Starlinks erster Wi-Fi-7-Router taucht in FCC-Unterlagen auf

SpaceX hat offenbar seinen ersten Wi-Fi-7-Router für Starlink entwickelt. Aus am Donnerstag veröffentlichten FCC-Unterlagen, die zuerst von einem Reddit-Nutzer entdeckt wurden, geht ein Router mit Wi-Fi 7 hervor. Für Starlink ist das eine Premiere, denn bislang setzte das Unternehmen auf Hardware mit Wi-Fi 6.
SpaceX hat das Gerät unter der Modellnummer UTR-261 bei der FCC eingereicht. Offenbar handelt es sich um den Nachfolger des Router Mini (UTR-251), der im April vergangenen Jahres von der FCC zugelassen wurde und damals Starlinks neuester Router war.

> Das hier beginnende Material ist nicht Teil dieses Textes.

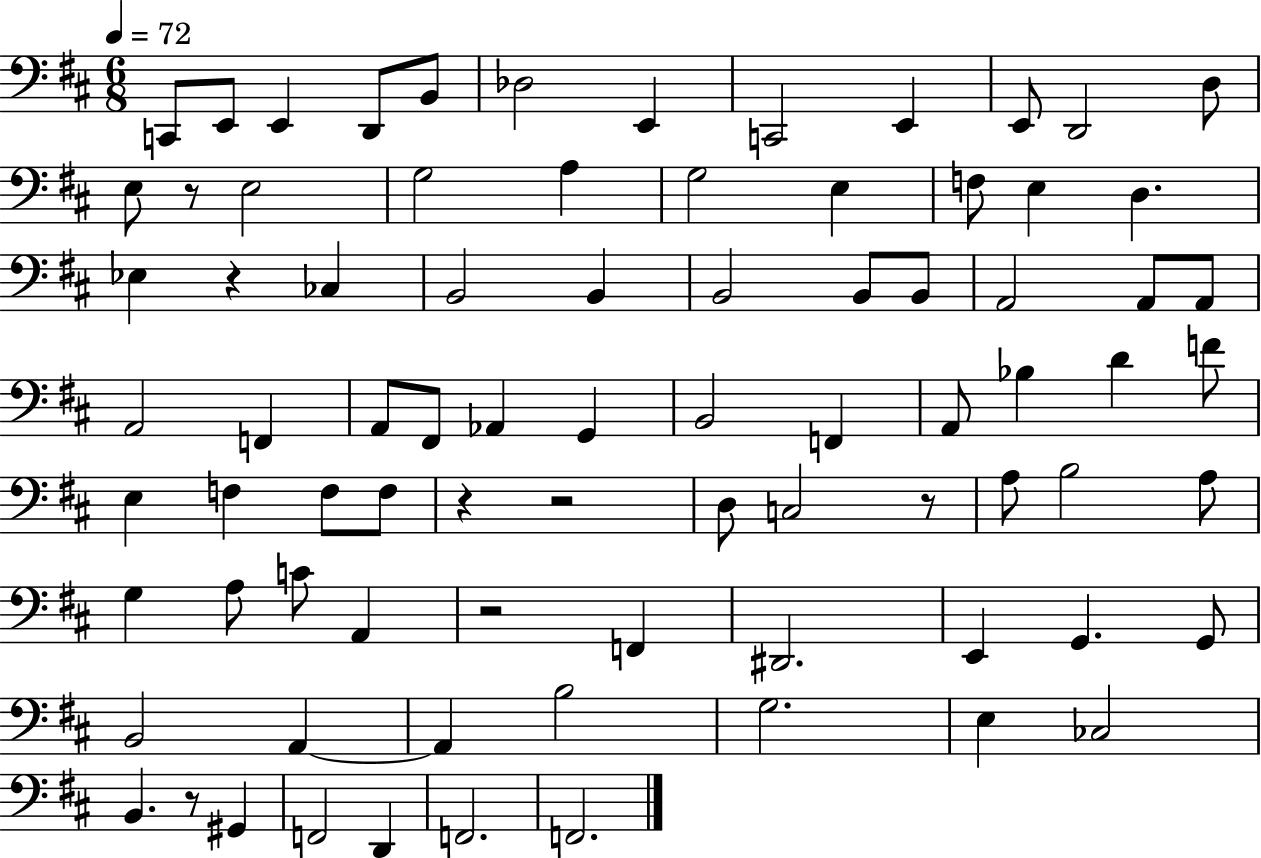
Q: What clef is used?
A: bass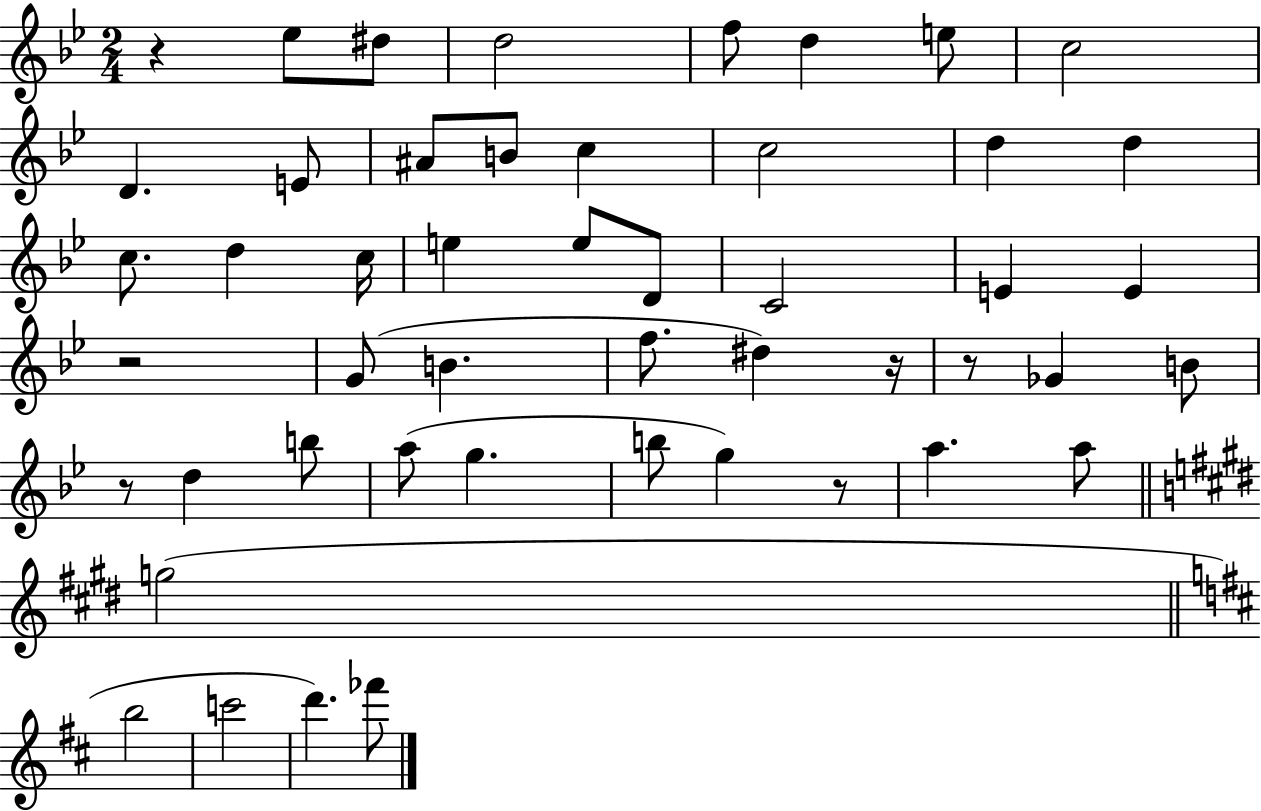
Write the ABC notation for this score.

X:1
T:Untitled
M:2/4
L:1/4
K:Bb
z _e/2 ^d/2 d2 f/2 d e/2 c2 D E/2 ^A/2 B/2 c c2 d d c/2 d c/4 e e/2 D/2 C2 E E z2 G/2 B f/2 ^d z/4 z/2 _G B/2 z/2 d b/2 a/2 g b/2 g z/2 a a/2 g2 b2 c'2 d' _f'/2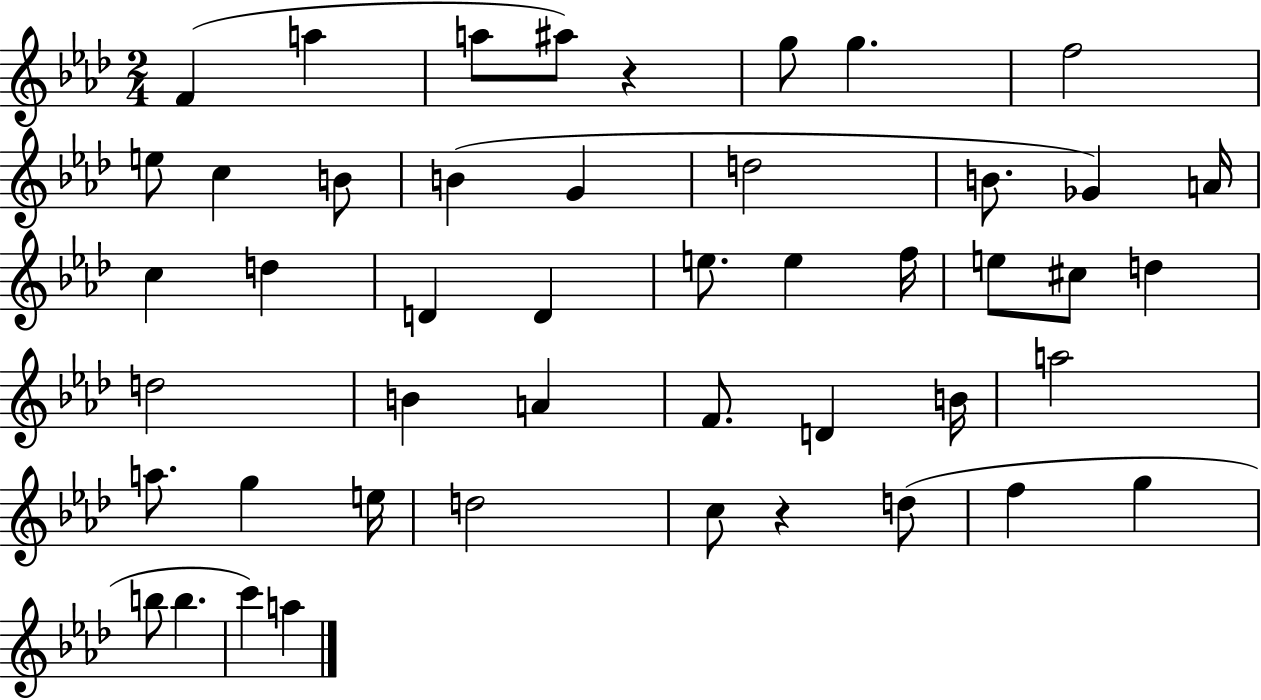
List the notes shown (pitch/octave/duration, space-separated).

F4/q A5/q A5/e A#5/e R/q G5/e G5/q. F5/h E5/e C5/q B4/e B4/q G4/q D5/h B4/e. Gb4/q A4/s C5/q D5/q D4/q D4/q E5/e. E5/q F5/s E5/e C#5/e D5/q D5/h B4/q A4/q F4/e. D4/q B4/s A5/h A5/e. G5/q E5/s D5/h C5/e R/q D5/e F5/q G5/q B5/e B5/q. C6/q A5/q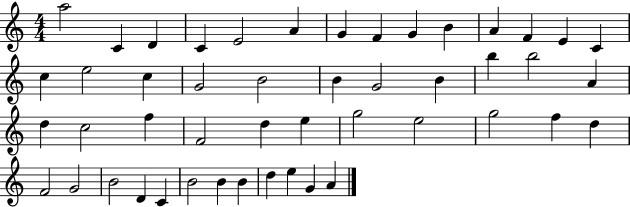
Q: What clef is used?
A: treble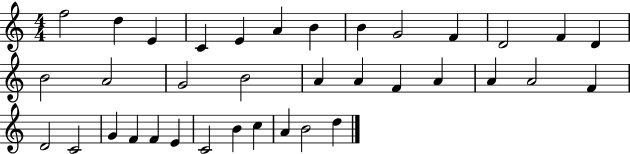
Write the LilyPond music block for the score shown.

{
  \clef treble
  \numericTimeSignature
  \time 4/4
  \key c \major
  f''2 d''4 e'4 | c'4 e'4 a'4 b'4 | b'4 g'2 f'4 | d'2 f'4 d'4 | \break b'2 a'2 | g'2 b'2 | a'4 a'4 f'4 a'4 | a'4 a'2 f'4 | \break d'2 c'2 | g'4 f'4 f'4 e'4 | c'2 b'4 c''4 | a'4 b'2 d''4 | \break \bar "|."
}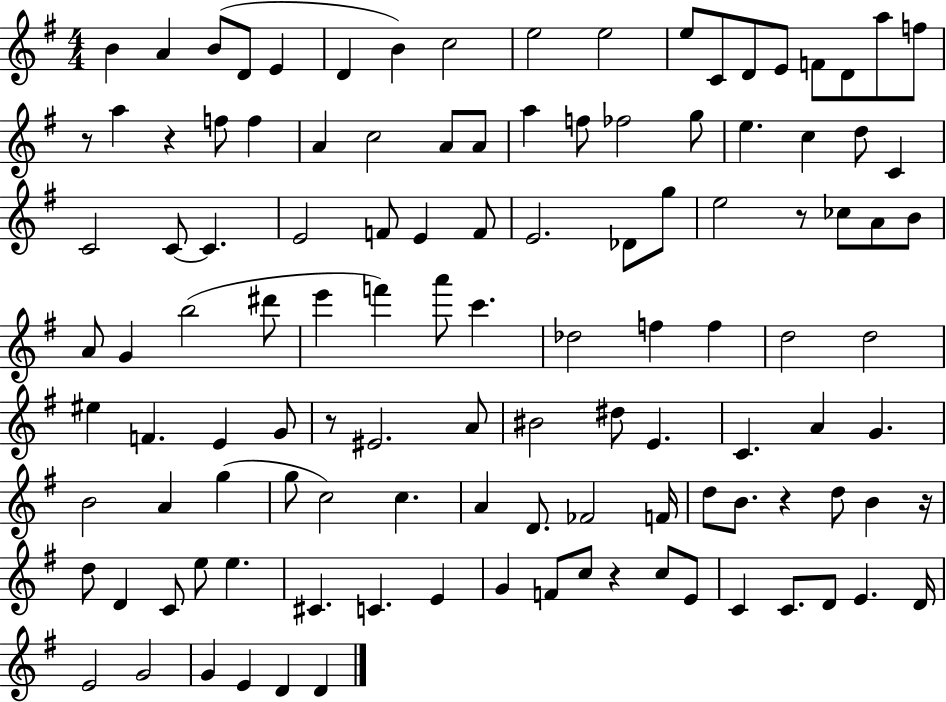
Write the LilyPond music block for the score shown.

In den Unterlagen wird der Router mit 802.11be in den Modi EHT20 und EHT40 in Verbindung gebracht. Dabei handelt es sich um die technische Bezeichnung für Wi-Fi 7. Der Router unterstützt weiterhin auch ältere WLAN-Standards. Vereinfacht gesagt sollte das geringere Latenzen ermöglichen und mehr Kapazität bieten, wenn sich mehrere Geräte gleichzeitig eine Verbindung teilen. Die Satellitenverbindung selbst wird dadurch allerdings nicht schneller. Starlink-Schüsseln sind weiterhin auf rund 400 Mbit/s begrenzt und liegen damit deutlich unter dem, was Wi-Fi-7-Hardware bewältigen kann. SpaceX hat angekündigt, den Dienst eines Tages in Richtung Gigabit-Geschwindigkeiten bringen zu wollen. Dafür sind allerdings Upgrades der Satelliten und Schüsseln erforderlich, nicht des Routers.
Auch die Ausstattung scheint umfangreicher auszufallen. Diagramme in den FCC-Unterlagen zeigen zwei Ethernet-Anschlüsse und einen USB-C-Port. Damit bietet der neue Router doppelt so viele Ethernet-Ports wie der Router Mini. Darüber hinaus scheint der Router sowohl über Power over Ethernet als auch über ein herkömmliches Netzteil mit Strom versorgt werden zu können.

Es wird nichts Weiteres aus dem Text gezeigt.